Wednesday, July 18, 2007

U.S. Health Care Predator - Big Pharma


The legal and illegal drug industries have one thing in common - big profits. In America, if Big Pharma and its sidekick, federal politicians, have their way that gravy train is just going to keep on rolling.

The Christian Science Monitor has published a scathing review of the Bush regime's Medicare plan, supposed to help elderly Americans afford their prescriptions but actually helping out America's pharmaceutical companies even more:

The White House and Congress claimed the private structure of the program would lead to lower drug prices. In fact, since the program began last year, the opposite has happened, thanks to the lobbying wizards of K Street. A fragmented band of more than 1,400 Part D insurance plans has had little negotiating power with the drug companies. Nor do those plans have much reason to bargain: Part D subsidizes patients on extended and expensive medication regimes at 80 percent.

Most remarkably the bill that Congress pushed through in 2003 didn't let the government negotiate drug prices. Why? Because the US Department of Health and Human Services (HHS) got no authority to define the "formulary" list of drugs for which Medicare will pay. Absent a credible threat to drop from that list any overpriced drugs that have branded alternatives – which the vast majority has – the government lost its negotiating stick.

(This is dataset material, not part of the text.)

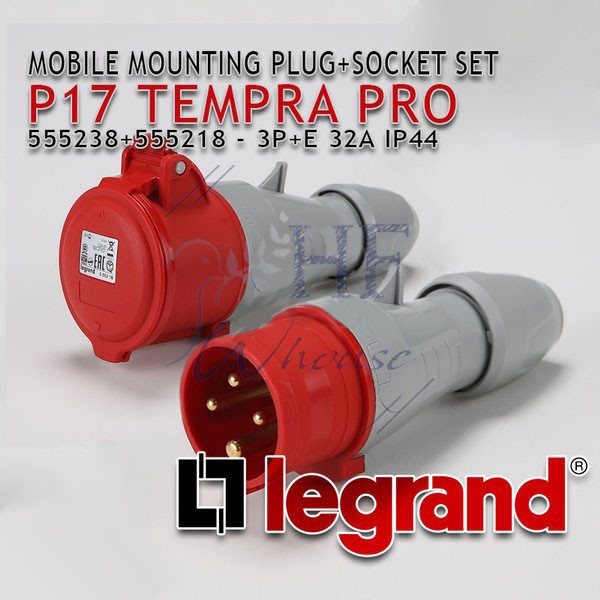 Legrand Set Mobile Mounting + Plug 32A 3P+E 4Pin IP44 (555238+555218)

Surprise! No price competition. So drug companies were able to raise rates for brand-name medications (that have comparable alternatives, but for which there are no generics) at twice the rate of inflation in the first six months of the program. And together, the five largest drug firms enjoyed a 45 percent increase in profits over the prior year.

This year, prices under Medicare private insurance plans for 10 of the most prescribed brand-name drugs (that have comparable alternatives) shot up an average of 6.8 percent in just four months.

When the bill was being debated, taxpayers were told the program would cost $400 billion. Today, realistic estimates put the figure at more than $1 trillion. The big drug companies, of course, love this. All those multiyear investments in lobbying have paid off – allowing them to use your tax dollars to boost their earnings.
So, let's see what we've got here. A programme that's touted as helping needy Americans that actually helps out American corporations already awash in cash. Gee that sounds like Bush/Cheney, doesn't it?